_ACTIVITY_
Return exactly the lines of the records below, starting at the line that contains "Arnês Canino Multifuncional" and ending at the line that contains "Quinta Da Cova", with both of those lines kept.

#### MATERIAL SUPPLIED

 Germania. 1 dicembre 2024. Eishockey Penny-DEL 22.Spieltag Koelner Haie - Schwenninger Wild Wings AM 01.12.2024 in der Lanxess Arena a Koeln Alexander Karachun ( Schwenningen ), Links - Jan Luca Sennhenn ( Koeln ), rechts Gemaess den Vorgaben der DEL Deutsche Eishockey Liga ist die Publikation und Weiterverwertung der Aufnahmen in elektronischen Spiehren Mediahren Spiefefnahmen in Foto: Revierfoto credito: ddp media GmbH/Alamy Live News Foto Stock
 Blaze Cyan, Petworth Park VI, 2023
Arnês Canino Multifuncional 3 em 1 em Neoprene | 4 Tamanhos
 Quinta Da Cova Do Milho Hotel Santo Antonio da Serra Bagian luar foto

########
#### MATERIAL SUPPLIED

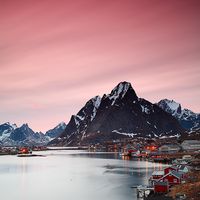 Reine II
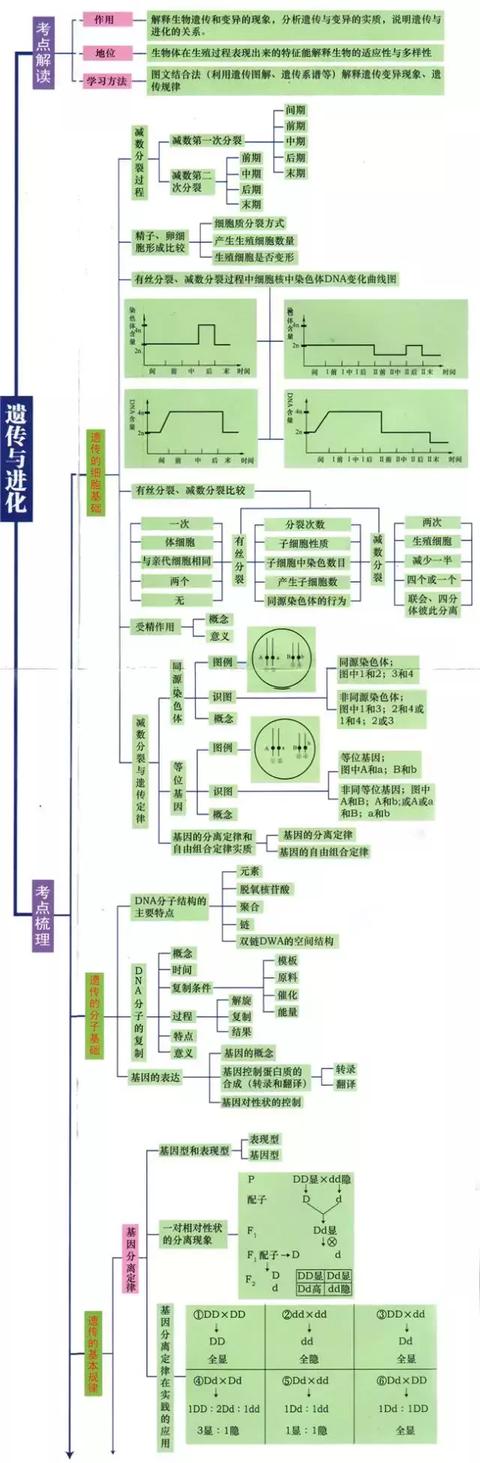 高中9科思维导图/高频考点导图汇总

########

_EXERCISE SOLUTION_
Arnês Canino Multifuncional 3 em 1 em Neoprene | 4 Tamanhos
 Quinta Da Cova Do Milho Hotel Santo Antonio da Serra Bagian luar foto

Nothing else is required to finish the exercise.